Le Temps: Le système électoral britannique est à bout de souffle?

Patrick Dunleavy: Le système est dépassé, clairement. Nous sommes maintenant complètement sortis du bipartisme d’autrefois. Le mode de scrutin est hautement disproportionnel. Lors de ces élections, sept partis à travers la Grande-Bretagne ont obtenu plus de 1% des voix là où ils se présentaient. Outre les libéraux-démocrates, il y a le UKIP (parti anti-européen), le BNP (extrême droite), et les partis régionaux (écossais, gallois et partis nord-irlandais). Il faut noter aussi qu’un député vert a été élu pour la première fois [ndlr: Caroline Lucas, leader du parti vert, élue à Brighton], ce qui est une avancée historique.

– Ce multipartisme est-il nouveau?

– Le système électoral et parlementaire britannique nous vient directement du Moyen Age. Mais la Grande-Bretagne est en transition depuis de nombreuses années vers une démocratie libérale normale, avec six ou sept partis, et des coalitions pour former un gouvernement. Lors de l’élection générale de 1951, les conservateurs et les travaillistes recueillaient 96% des voix. Depuis, cela ne cesse de baisser. Avec ce scrutin, nous n’en sommes plus qu’à 66%.

On voit aussi que les Britanniques sont prêts à voter pour d’autres partis quand le mode de scrutin donne une chance aux «petits». Lors des européennes de 2009, les deux principaux partis ont fait moins de la moitié des voix.

– Le système électoral actuel n’a-t-il pas l’avantage d’assurer un gouvernement fort?

– Le résultat nous montre aujour­d’hui le contraire. Pire, en cas de gouvernement minoritaire mené par les conservateurs, il est probable que David Cameron annonce une nouvelle élection à l’automne prochain, ou en mai 2011 au plus tard.
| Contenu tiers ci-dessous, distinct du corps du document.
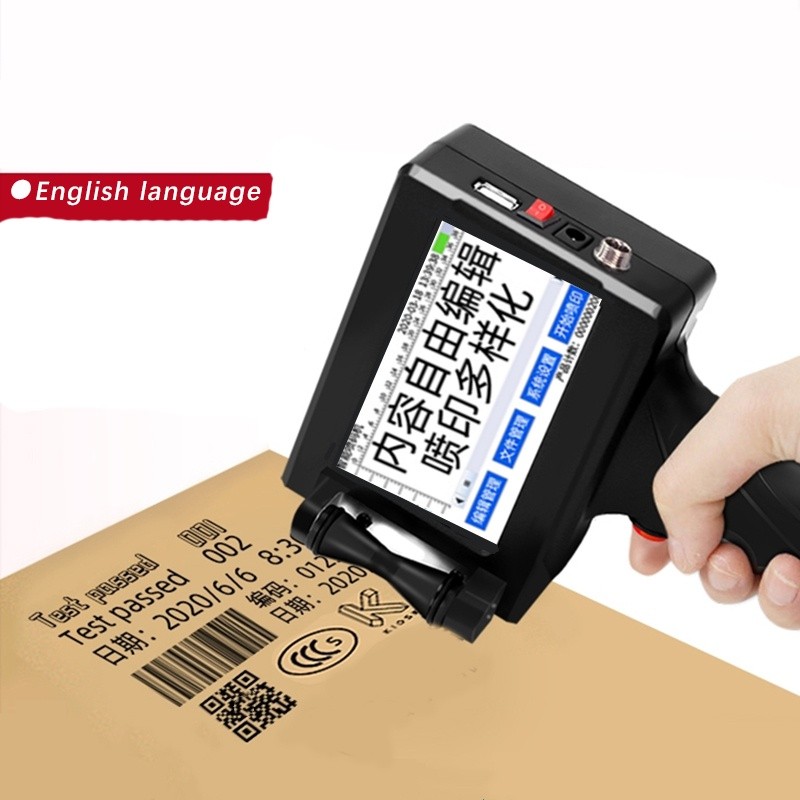 Portable)XN~Inkjet?Xm!Printer Handheld Inkjet Printer handheld label ...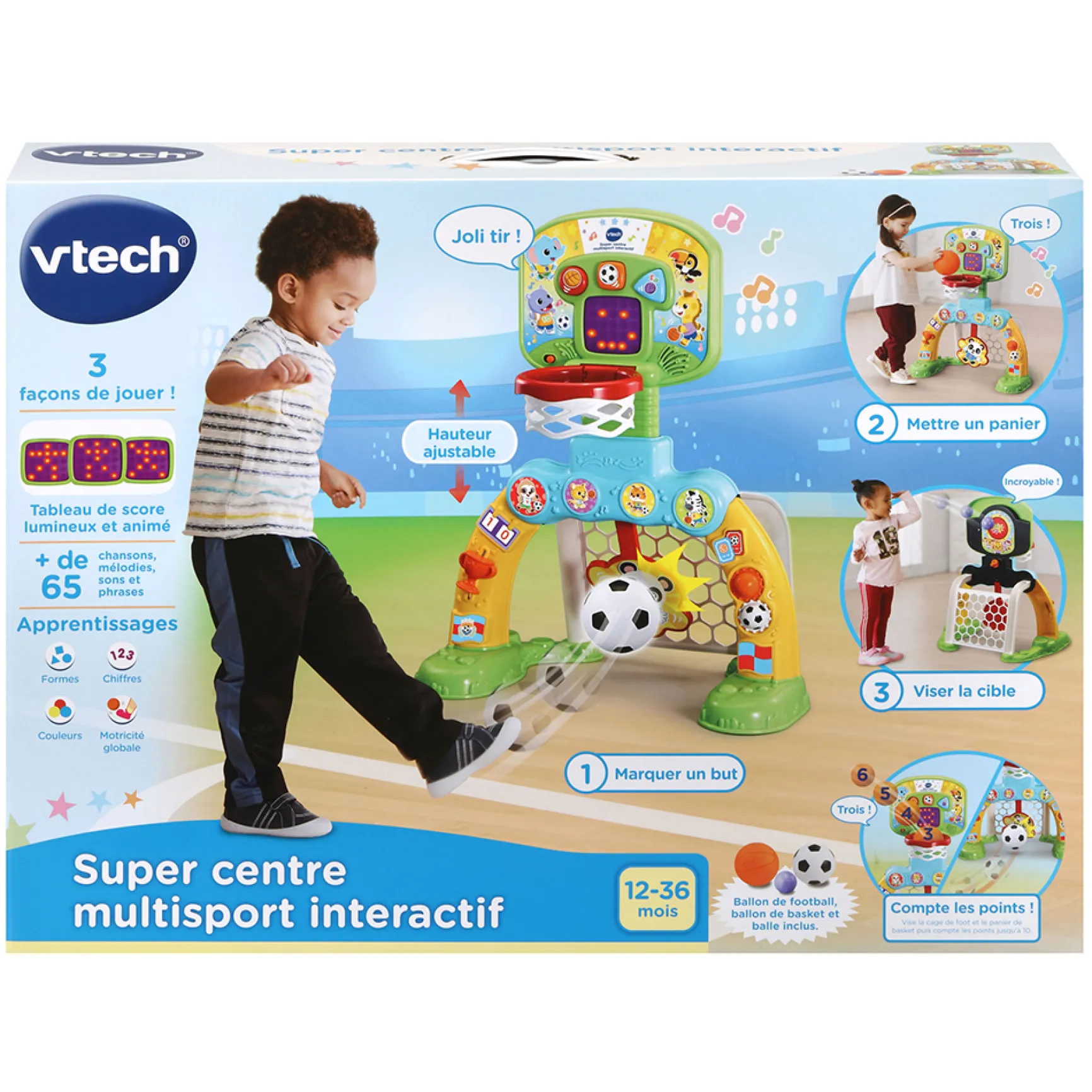 Super centre multisport interactif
C’est mauvais pour le pays, et cela risque de mettre la livre sterling sous pression.

– Les libéraux-démocrates peuvent-ils obtenir un changement du mode de scrutin?

– Malheureusement pour Nick Clegg, il a terminé en lointain troisième, après avoir complètement raté la fin de sa campagne. Cependant, il bénéficie d’une vraie opportunité. Gordon Brown lui propose une réforme du système électoral immédiatement, ainsi que des mandats à durée fixe [ndlr: pour éviter que le premier ministre au pouvoir ne puisse jouer de la date de l’élection à sa guise]. Une coalition avec les travaillistes lui assurerait aussi de nombreux ministres au gouvernement. Cela étant dit, le meilleur résultat pour le pays serait plutôt une coalition formelle entre conservateurs et lib-dem, qui permettrait d’assurer une majorité confortable. Ce serait aussi le mieux pour les marchés financiers.